John Vertical skrev:
> Chris Bates wrote:
>
>> > a) What's the difference between lateral release and a lateral
>> affricate?
>>
>> An affricate has friction, so for instance the lateral affricate
>> commonly written tl in languages like Nahuatl is /tK)/. A laterally
>> released stop lacks the fricative release of an affricate I think, and
>> is basically formed by releasing the stop by lowering the sides of the
>> tongue instead of the whole tongue but without the friction.
>
>
> All right.. but wouldn't *that* be just release into a homorganic
> lateral *approximant*?
>
> I very well may be just kind of missing the point of the whole "release"
> diacritics - they just seem to imply that the stop is followed by a
> homorganic continuant of some sort. Is that it, or is there more to it?

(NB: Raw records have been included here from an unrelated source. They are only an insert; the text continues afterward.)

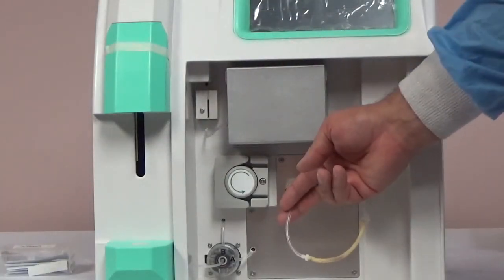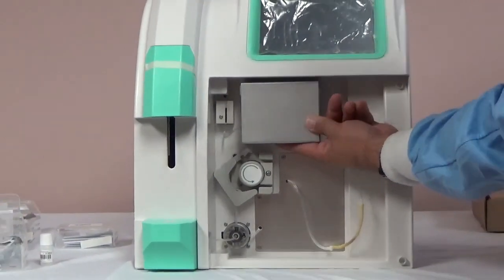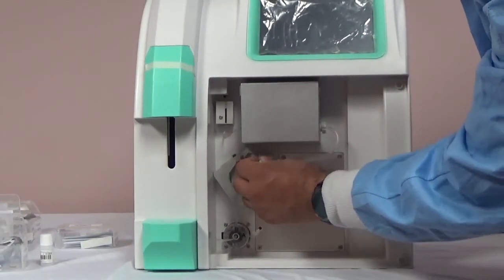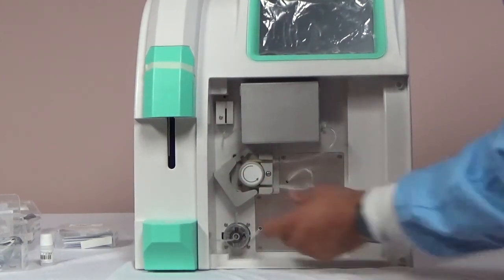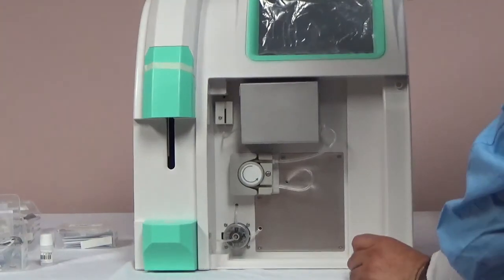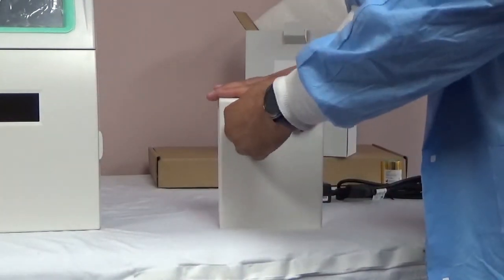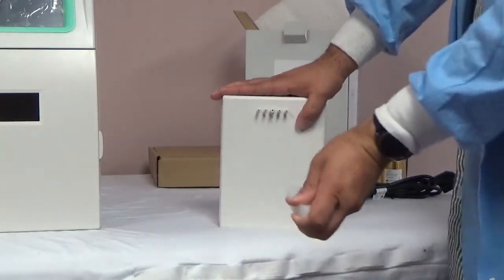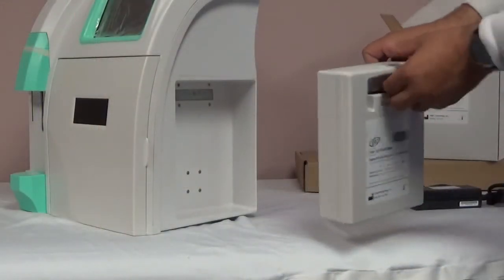Secure the pump tubing and peristaltic pump by unclipping the pump lock and stretching the tubing around the pump, then re-lock the clip. The reagent pack can be installed in the slot on the side of the analyzer. Remove the pack from the box and remove the rubber piece on the back. Slide it into place, pushing gently to secure it.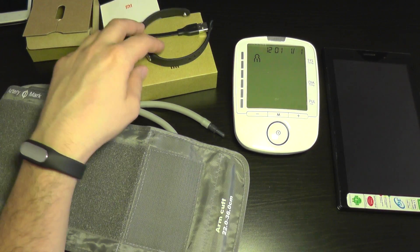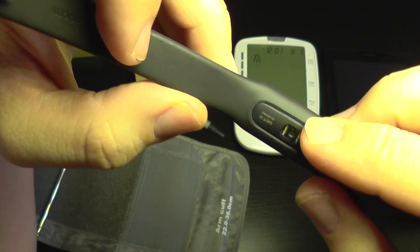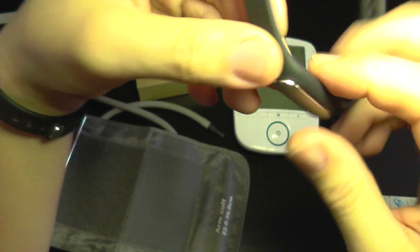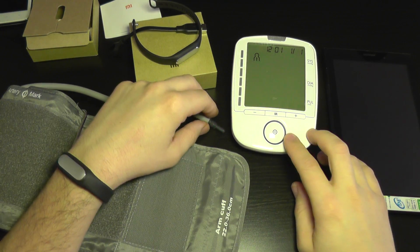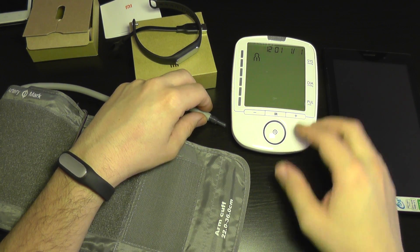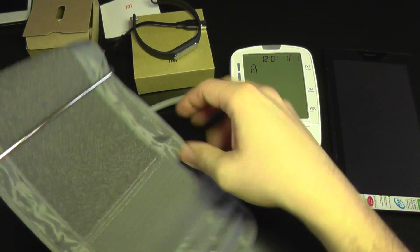I'm going to test the accuracy of the Mi Band 1S. The sensor is here. I want to see how it compares with the conventional blood pressure monitor, which also has a monitor for pulse. So I'm going to install the arm cuff.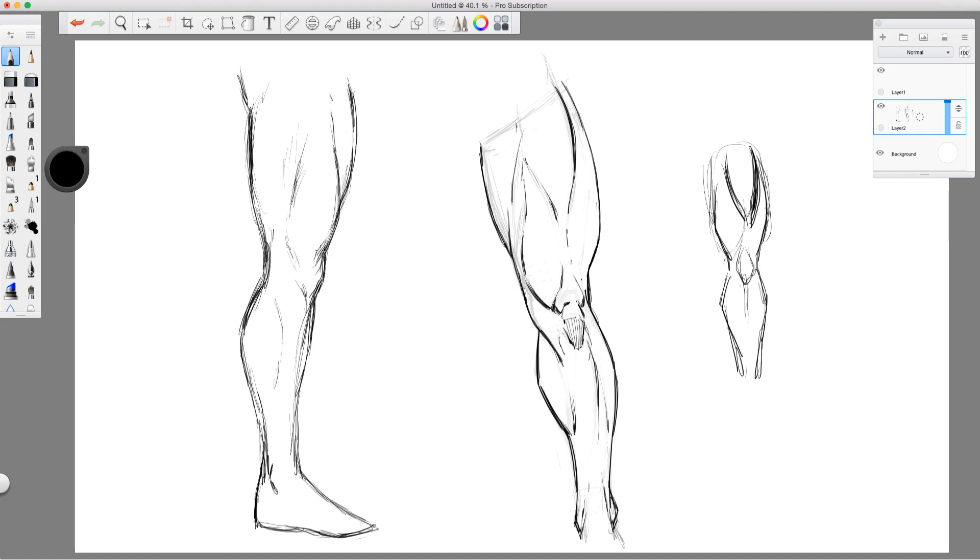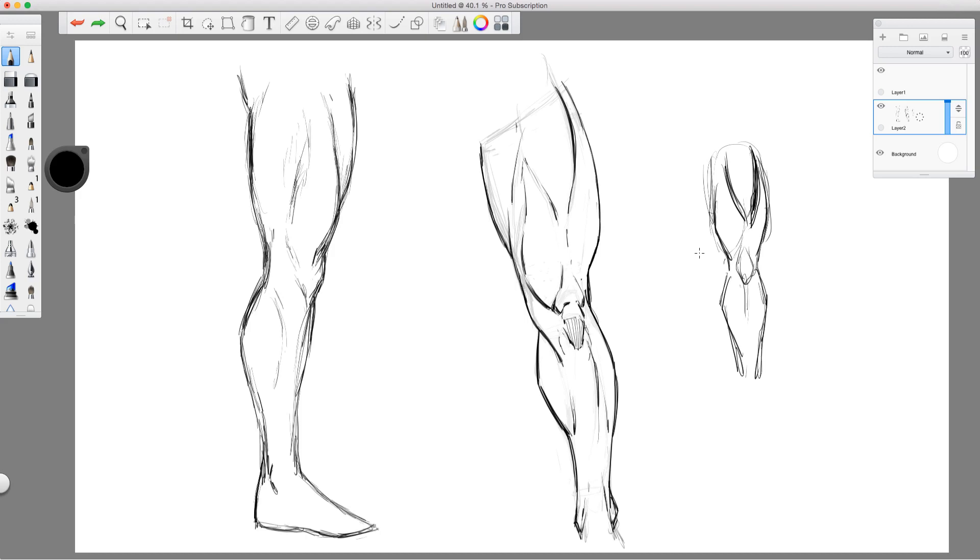Hopefully this has helped you and given you some insight into how you can better draw legs and break them down. Remember that you want to perceive the muscles wrapping around — they don't just go straight up and down. Let me know what you think of the video and what videos you'd like to see in the future. Be sure to like, share, and subscribe. You can also support my work on Patreon and Gumroad — it helps me continue doing this. As always, keep drawing, keep having fun, and I'll talk to you soon.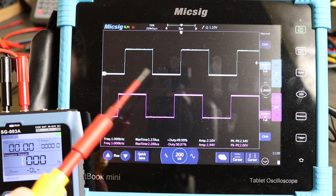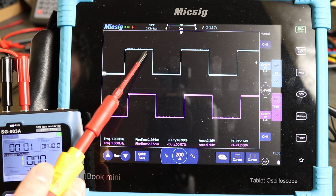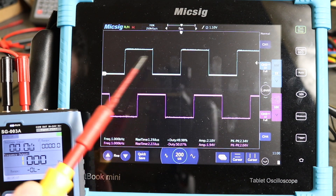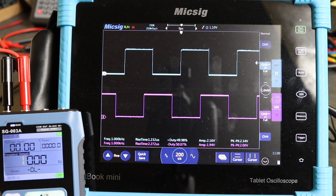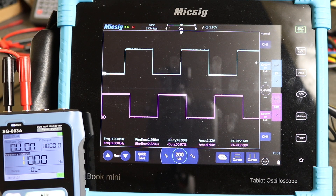Looking at amplitude instead, we've dropped to 2.16 volts and 1.94 volts. Looking closely at the scope, there's a little bit of interference along the top of the waveform that you're not seeing on the calibration pulse, and a little spike at the end of the waveform — that could be what's throwing the reading on the Keysight counter, but I don't think it's an overly big issue.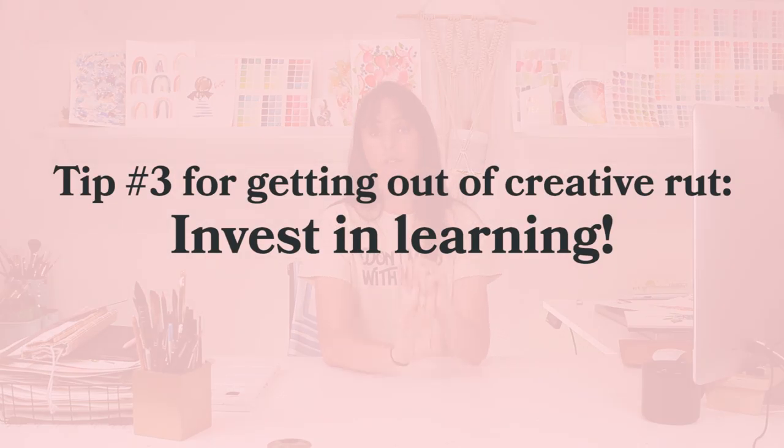My third tip is to invest in learning, whether that's investing your time or your finances — invest in learning. You're here on my YouTube channel, investing your time in learning and growing. You're not investing money because these are free tutorials — you're welcome. Whatever it is you're feeling stuck in, or maybe you want to learn something new, I can't tell you how valuable learning something new is. I've been learning more about creative writing recently — I invested in a creative writing course and it's helped influence my creative spark when I'm painting. Or maybe you want to learn ceramics, or how to sew — something so different than what you practice daily can really help make you a well-rounded creative being.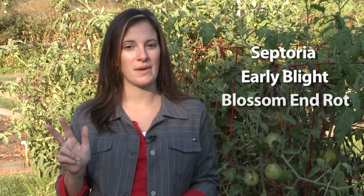Hi, I'm Chelsea Fields here at Burpee's Ford Hook Farm, bringing you our second video in our series of tomato diseases and problems. In the first video, we covered septoria, early blight, and blossom end rot.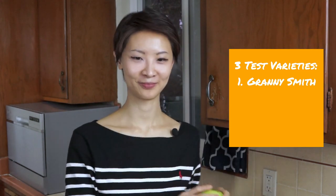I'm making a galette, aka a lazy person's pie, because it's way easier than classic pie. But everything in this video applies 100% to regular pies. The three varieties I'll be testing today are Granny Smith, Lady Alice, similar to Honeycrisp, and lastly Fuji.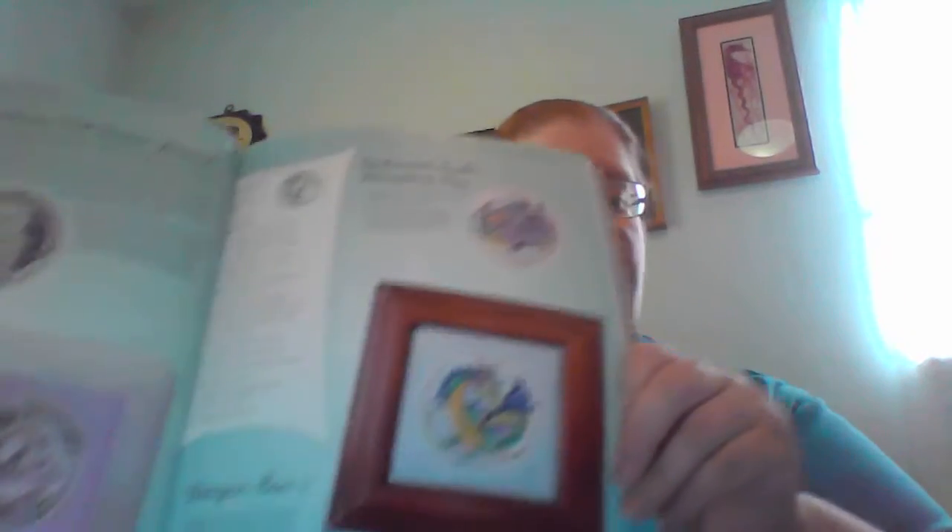I decided I wanted to stitch more. One of the projects I have is Bewitching Cross Stitch by Joan Elliott. There's one particular wizard guy I have not started yet. However, the crystal ball that he has has optional inserts — there's an owl, a unicorn, a dragon, and a castle. I'm second-guessing myself on the castle — yes, I swear my memory is getting so bad sometimes.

I think the point is that the stop part can't be individually
released before the onset of the lateral -- you *specify*
that the stop is released *by* an homorganic continuant.
>> > b) Are /K K\/ considered sibilants or spirants?
>> >
>> > John Vertical
>> >
>> >
>> I don't think they're sibilants, since the air isn't escaping quickly
>> through a narrow channel but from both sides of the tongue.
>
>
> But is the "channel" essential? I recall the definition of "sibilant"
> had something on the airflow passing over the teeth...
> Wikipedia seems to classify lateral fricatives separate from both
> spirants and sibilants, which isn't helping either.
>
>
> Um, I'm getting kicked out; I'll continue later.
>
> John Vertical
>
>
--
/BP 8^)>
--
Benct Philip Jonsson -- melroch at melroch dot se
Solitudinem faciunt pacem appellant!